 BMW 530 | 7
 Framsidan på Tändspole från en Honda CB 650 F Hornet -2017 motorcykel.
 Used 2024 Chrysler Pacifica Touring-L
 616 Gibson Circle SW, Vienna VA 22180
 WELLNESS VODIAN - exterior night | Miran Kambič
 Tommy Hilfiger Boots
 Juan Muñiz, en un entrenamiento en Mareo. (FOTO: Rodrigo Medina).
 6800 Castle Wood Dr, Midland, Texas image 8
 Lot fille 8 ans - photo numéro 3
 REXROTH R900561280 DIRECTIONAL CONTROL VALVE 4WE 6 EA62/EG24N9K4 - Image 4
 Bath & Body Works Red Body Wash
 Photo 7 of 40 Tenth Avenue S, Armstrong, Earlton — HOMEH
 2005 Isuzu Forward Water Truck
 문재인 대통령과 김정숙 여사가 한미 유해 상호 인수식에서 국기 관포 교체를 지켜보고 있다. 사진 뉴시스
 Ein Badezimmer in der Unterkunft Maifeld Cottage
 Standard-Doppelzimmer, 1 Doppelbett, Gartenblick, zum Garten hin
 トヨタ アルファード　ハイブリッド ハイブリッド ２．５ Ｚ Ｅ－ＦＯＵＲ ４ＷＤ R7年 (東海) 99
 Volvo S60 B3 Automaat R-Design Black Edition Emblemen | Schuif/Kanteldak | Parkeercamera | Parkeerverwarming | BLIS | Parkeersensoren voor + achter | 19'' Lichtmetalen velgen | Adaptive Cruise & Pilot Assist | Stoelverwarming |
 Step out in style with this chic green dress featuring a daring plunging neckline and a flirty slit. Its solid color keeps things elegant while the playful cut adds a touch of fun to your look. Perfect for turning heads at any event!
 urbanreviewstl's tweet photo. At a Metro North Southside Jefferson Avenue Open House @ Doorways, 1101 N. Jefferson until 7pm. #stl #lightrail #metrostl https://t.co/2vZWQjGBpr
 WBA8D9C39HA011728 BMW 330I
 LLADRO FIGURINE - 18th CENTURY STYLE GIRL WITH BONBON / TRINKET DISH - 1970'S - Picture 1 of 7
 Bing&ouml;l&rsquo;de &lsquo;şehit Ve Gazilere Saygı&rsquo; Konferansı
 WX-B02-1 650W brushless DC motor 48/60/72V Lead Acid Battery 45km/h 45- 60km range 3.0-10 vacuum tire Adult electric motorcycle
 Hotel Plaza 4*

**Problem to solve:** How many of the lines in the listing above hold the word "Avenue"? Report only that figure.

**Response for this exercise:** 2